The Scandinavian Festival is an annual four-day celebration of Scandinavian heritage in Junction City, Oregon, United States. The small city of 6,052 people hosts more than 100,000 visitors each year. In 2008, Sunset Magazine rated it one of the best in the U.S. for its emphasis on authenticity. The Oregon Heritage Tradition designation was awarded to the Scandinavian Festival in 2014.

==History==
The festival was started in 1961 by Dr. Gale Fletchall as a way to save a dying town. Downtown businesses were closing up, as the new Interstate 5 bypassed Junction City, diverting most of the traffic going through town on Oregon Route 99. It was then that Fletchall began searching for a rallying point for community spirit. He thought a citywide celebration would be ideal, but he was stumped for a theme. He considered and discarded several possibilities before settling on the most obvious, a celebration of the city's very real but very dormant Scandinavian heritage. He talked the idea over with older Danish-American residents, and then secured financial backing from the chamber of commerce in May 1961. The first community classes in Scandinavian dancing and singing were organized a few weeks later, and church and civic organizations were persuaded to operate food and craft booths. In August 1961 the first annual Scandinavian Festival opened in temporary booths in downtown Junction City. Fletchall expected perhaps 2,000 visitors; he got 25,000.

==Activities==
Since 1961, the city has attracted visitors nationally to the downtown area, which is transformed into an old world town for the occasion. Each day of the festival highlights a particular Scandinavian country—Denmark, Sweden, Finland, and Norway.

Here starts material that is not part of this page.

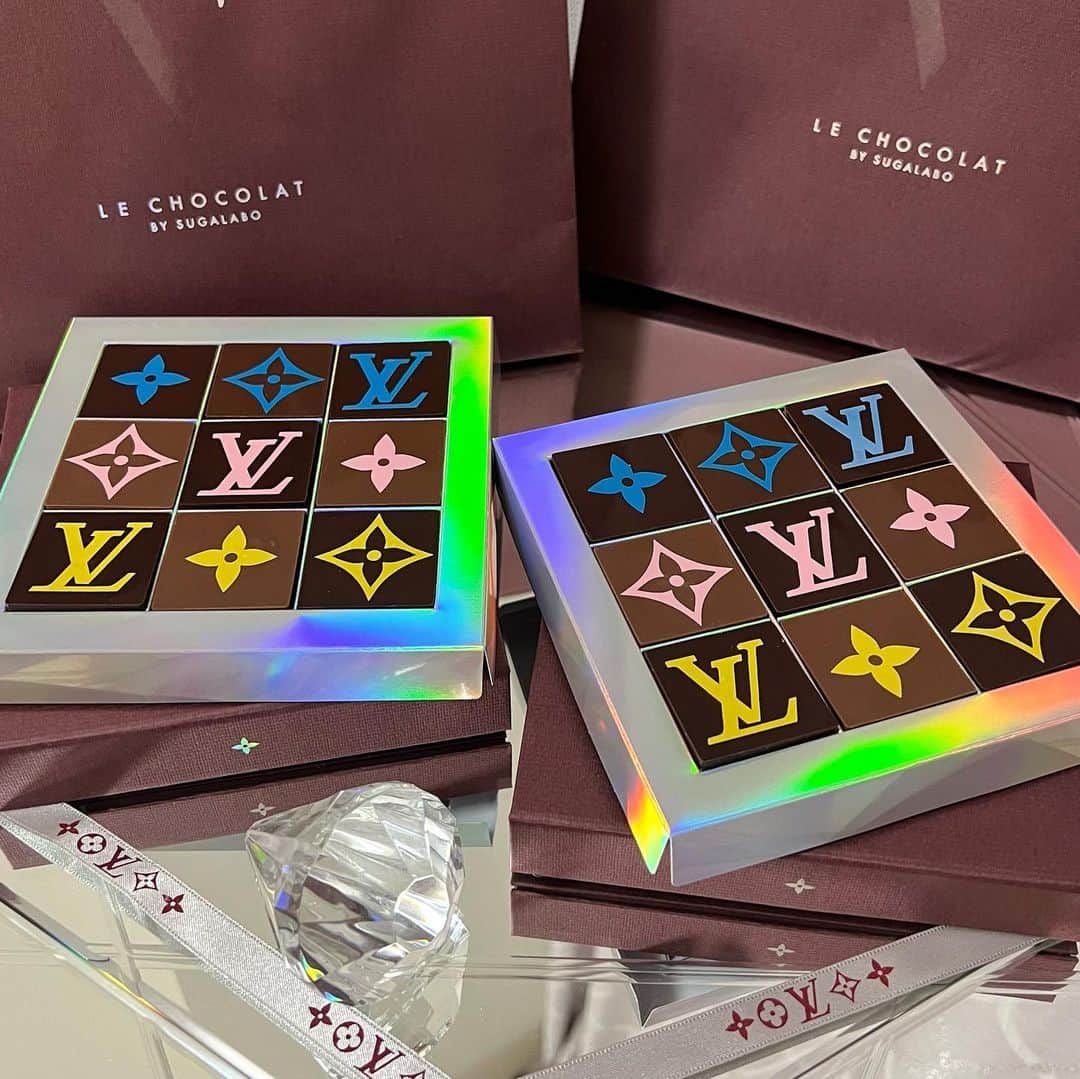 吉川ちえのグルメインスタ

Costumed Vikings march down the street, authentic northern European puppet shows are traditionally themed, and colorful costumes are displayed in a fashion show. Storytellers and actors highlight Hans Christian Andersen stories, folk dancers perform and instruct, and choral and instrumental groups perform traditional pieces. There are also language classes and the Scandia Run 10 km.

Traditional Scandinavian food includes vandbakkelser (chocolate dipped yum puffs), Æbleskiver, Swedish meatballs and Lefse.